Geometric Algebra
- First edition
- Author: Emil Artin
- Language: English
- Series: Tracts in Pure and Applied Mathematics
- Subject: Mathematics
- Genre: Textbook
- Published: 1957
- Publisher: Interscience Publishers
- Pages: 214

= Geometric Algebra (book) =

1957 book by Emil Artin

Geometric Algebra is a book written by Emil Artin and published by Interscience Publishers, New York, in 1957. It was republished in 1988 in the Wiley Classics series (ISBN 0-471-60839-4).

In 1962 Algèbre Géométrique, a translation into French by Michel Lazard, was published by Gauthier-Villars, and reprinted in 1996. (ISBN 2-87647-089-6) In 1968 and 1969, translations into Italian and Russian were published by Feltrinelli and Nauka respectively.

Long anticipated as the sequel to Moderne Algebra (1930), which Bartel van der Waerden published as his version of notes taken in a course with Artin, Geometric Algebra is a research monograph suitable for graduate students studying mathematics. From the Preface:
Linear algebra, topology, differential and algebraic geometry are the indispensable tools of the mathematician of our time. It is frequently desirable to devise a course of geometric nature which is distinct from these great lines of thought and which can be presented to beginning graduate students or even to advanced undergraduates. The present book has grown out of lecture notes for a course of this nature given at New York University in 1955. This course centered around the foundations of affine geometry, the geometry of quadratic forms and the structure of the general linear group. I felt it necessary to enlarge the content of these notes by including projective and symplectic geometry and also the structure of the symplectic and orthogonal groups.

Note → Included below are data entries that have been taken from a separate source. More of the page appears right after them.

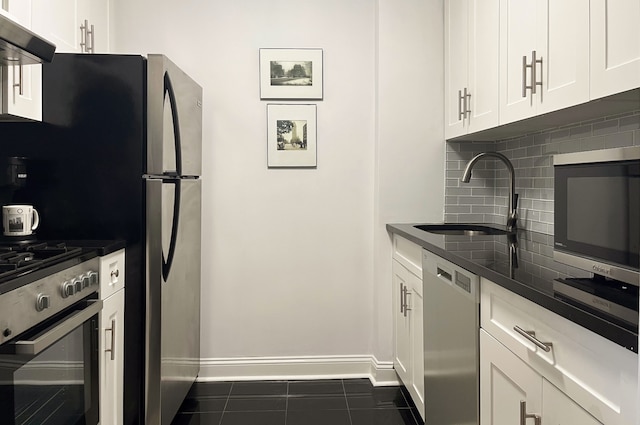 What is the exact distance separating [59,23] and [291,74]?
1308 millimetres

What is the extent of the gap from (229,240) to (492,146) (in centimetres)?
168

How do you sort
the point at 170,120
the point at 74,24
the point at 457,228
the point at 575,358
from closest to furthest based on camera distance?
the point at 575,358
the point at 170,120
the point at 74,24
the point at 457,228

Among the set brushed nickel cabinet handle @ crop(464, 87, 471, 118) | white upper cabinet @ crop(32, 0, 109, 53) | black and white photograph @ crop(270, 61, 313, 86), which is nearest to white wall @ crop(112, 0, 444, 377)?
black and white photograph @ crop(270, 61, 313, 86)

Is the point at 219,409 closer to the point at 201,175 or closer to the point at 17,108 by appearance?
the point at 201,175

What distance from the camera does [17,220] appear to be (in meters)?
2.11

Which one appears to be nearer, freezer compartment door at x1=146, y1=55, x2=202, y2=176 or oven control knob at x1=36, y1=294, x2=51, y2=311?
oven control knob at x1=36, y1=294, x2=51, y2=311

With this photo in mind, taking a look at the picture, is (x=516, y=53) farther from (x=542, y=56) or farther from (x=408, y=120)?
(x=408, y=120)

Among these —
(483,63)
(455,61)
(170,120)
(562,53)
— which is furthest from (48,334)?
(455,61)

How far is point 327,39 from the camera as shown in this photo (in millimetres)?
3217

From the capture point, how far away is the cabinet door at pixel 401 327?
2.71 metres

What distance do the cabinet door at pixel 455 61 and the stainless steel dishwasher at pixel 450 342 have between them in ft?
3.10

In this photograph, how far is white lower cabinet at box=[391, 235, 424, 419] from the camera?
8.08 feet

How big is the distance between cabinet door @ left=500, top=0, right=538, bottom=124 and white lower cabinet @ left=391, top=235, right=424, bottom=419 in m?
0.75

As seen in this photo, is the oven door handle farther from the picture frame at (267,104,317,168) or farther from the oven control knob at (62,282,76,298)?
the picture frame at (267,104,317,168)
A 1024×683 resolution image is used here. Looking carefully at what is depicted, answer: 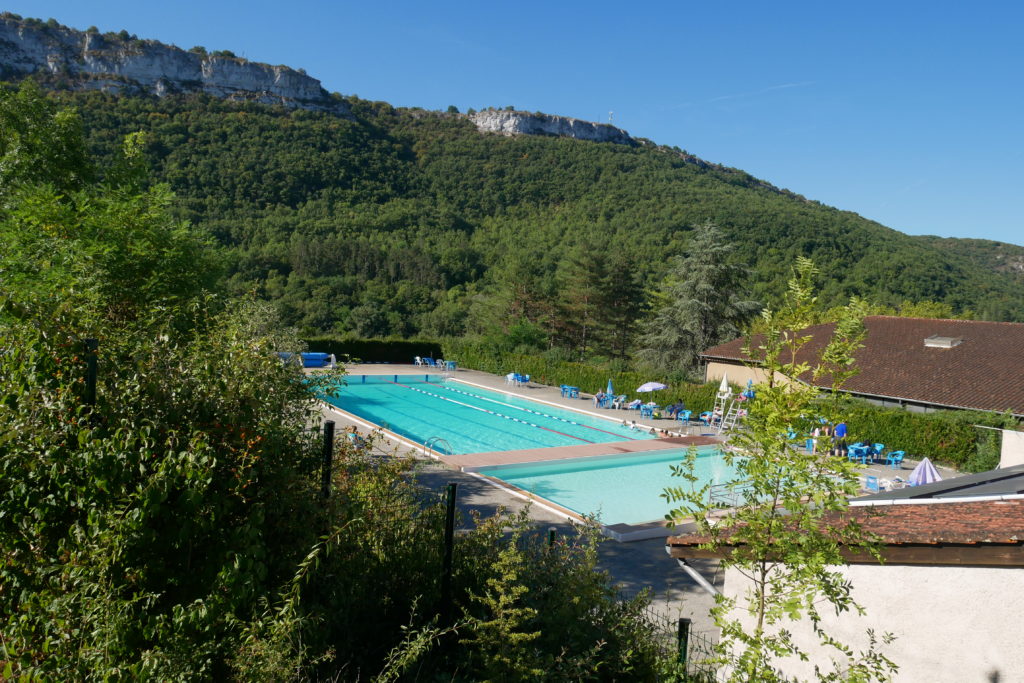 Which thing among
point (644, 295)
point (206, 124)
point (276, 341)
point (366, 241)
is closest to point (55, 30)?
point (206, 124)

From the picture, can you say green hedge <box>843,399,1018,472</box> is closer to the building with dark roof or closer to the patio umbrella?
the patio umbrella

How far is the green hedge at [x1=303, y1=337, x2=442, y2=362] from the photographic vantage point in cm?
3222

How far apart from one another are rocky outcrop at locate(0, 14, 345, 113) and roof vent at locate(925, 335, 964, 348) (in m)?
76.6

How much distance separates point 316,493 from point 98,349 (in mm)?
1445

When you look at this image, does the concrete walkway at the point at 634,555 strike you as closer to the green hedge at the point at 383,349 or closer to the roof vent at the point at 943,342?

The book is illustrated with six geometric configurations in chapter 2, which retraces the path from geometric to field axioms previously explored by Karl von Staudt and David Hilbert.

==Contents==
Chapter one is titled "Preliminary Notions". The ten sections explicate notions of set theory, vector spaces, homomorphisms, duality, linear equations, group theory, field theory, ordered fields and valuations. On page vii Artin says "Chapter I should be used mainly as a reference chapter for the proofs of certain isolated theorems."

Pappus's hexagon theorem holds if and only if k is commutative

Chapter two is titled "Affine and Projective Geometry". Artin posits this challenge to generate algebra (a field k) from geometric axioms:
Given a plane geometry whose objects are the elements of two sets, the set of points and the set of lines; assume that certain axioms of a geometric nature are true. Is it possible to find a field k such that the points of our geometry can be described by coordinates from k and the lines by linear equations ?
The reflexive variant of parallelism is invoked: parallel lines have either all or none of their points in common. Thus a line is parallel to itself.

Axiom 1 requires a unique line for each pair of distinct points, and a unique point of intersection of non-parallel lines. Axiom 2 depends on a line and a point; it requires a unique parallel to the line and through the point. Axiom 3 requires three non-collinear points. Axiom 4a requires a translation to move any point to any other. Axiom 4b requires a dilation at P to move Q to R when the three points are collinear.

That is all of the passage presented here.